For businesses without a BaaS provider, the time, effort, and risk of developing and maintaining a native version of the same service would be too much of a barrier. Qualifying for regulatory certification alone would be both excessively expensive and time-consuming. 

3. Increased customer sign-up and loyalty 

The prestige and trust that comes with offering innovative financial services is hugely beneficial from a repetitional and brand standpoint. 

Also, loyalty is hugely important to companies offering both B2B and consumer services. Embedded payments and especially embedded payments can make a difference here. For example, offering a line of credit that can spent easily online is likely to keep B2B customer coming back.  

By neglecting to adopt an embedded finance or embedded payments strategy, companies risk losing business to more forward-thinking competitors. 

4. Improved analytics 

Embedded finance enables improved data collection and analytics. 

The nature of the technology involved means real-time updates and detailed reporting are often available. 

The right system will also simplify the consumer feedback process. This can help companies understand their customers’ pain points better, implement more impactful marketing and inform their future development. 

Traditional financial institutions vs alternative lenders 

Despite their name, BaaS services aren’t necessarily provided by banks. In fact, many are provided by fintechs and other non-bank companies. 

Banking is a very old business model and many current banks still have deep roots in the past. Some have made steps towards digital reinvention – influenced in part, no doubt, by the challenge posed by fintechs.  

However, legacy banks still primarily make money through traditional loans and are underpinned by outmoded technology. This means that their operations are often slow and customer experience is poor. 

Fintechs are designed around modern technology and cutting-edge specialist tools. This allows them to connect with other data sources, process information more quickly and offer a much better user experience to customers.  

Using new technology also means fintechs don’t have to maintain large and complex IT systems so they can usually be relied on for more competitive pricing than incumbent providers of financial services.

Embedded finance for B2B 

Whilst there are many examples of embedded finance for the consumer market, as mentioned above, it is also increasingly an essential part of business-to-business (B2B) propositions.  

These are growing in popularity as businesses acknowledge that the expectations of B2B buyers are rising quickly based on their experiences as consumers. 

B2B financing itself is a fast-growing and innovative field.
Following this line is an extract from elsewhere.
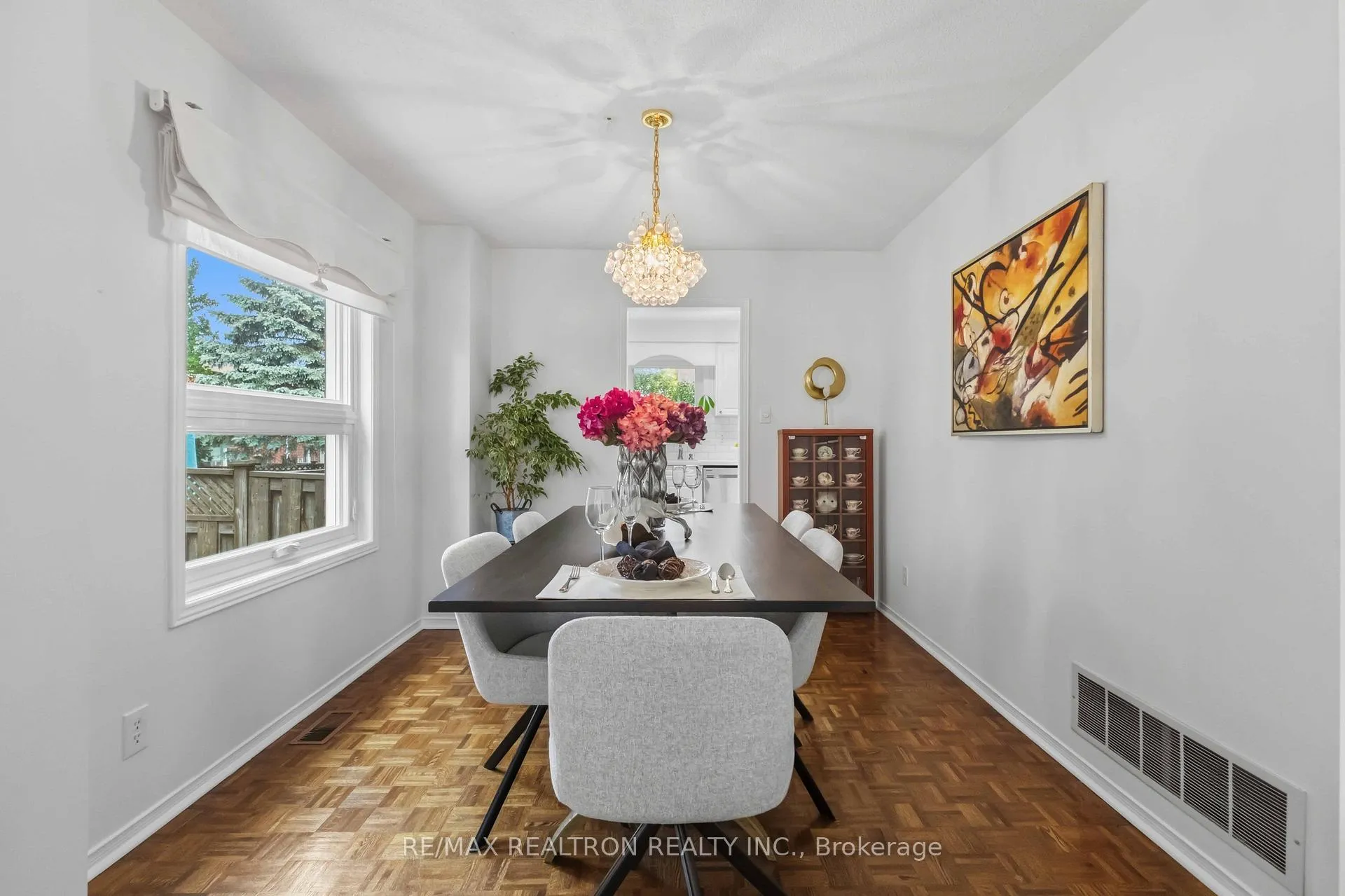 Photo 12 of 857 Hollander Road, Newmarket, Gorham-College Manor — HOMEH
The kinds of solutions most frequently used in B2B and their scale obviously differ from B2C. 

For example, invoice financing is a popular way for businesses to efficiently leverage their existing accounts to improve cashflow. 
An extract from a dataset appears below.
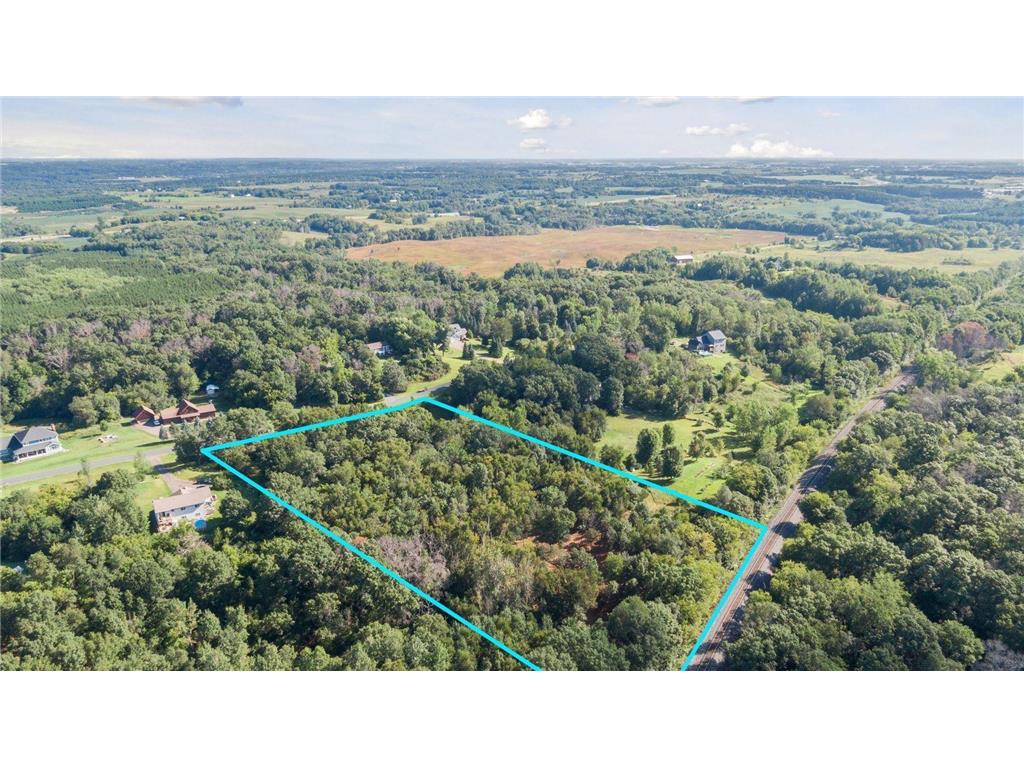 883 174th Avenue Somerset WI 54017 7008576 image14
At TreviPay, we specialise in providing effective embedded B2B financing solutions, from different types of invoice financing to payment and Net 30 terms. 

Conclusion 

The embedded finance market is growing rapidly. Customers and businesses alike expect financial services to be available and frictionless at the point of sale. 

Embedded finance providers can be banks or alternative providers, such as fintechs. They use APIs to integrate business platforms with BaaS (Banking as a Service) software. 

There is a wide – and growing – variety of embedded finance options available from payments processing to investing and much in between. The innovation involved in creating and bringing new these solutions to scale is impressive, to say the least. 

The precise type of embedded finance commonly used and its scale varies depending on the type of industry and whether they work in the B2C or B2B world. In the B2B world, for example, invoice financing is a particularly popular and effective service. 

By providing embedded payments to customers, companies can increase their revenue, customer sign-up rate, customer loyalty and gain powerful analytics insights.  

It is a trend that is likely to increase as companies elevate the user experience and convenience of their B2B payments to match that expected with consumer payments.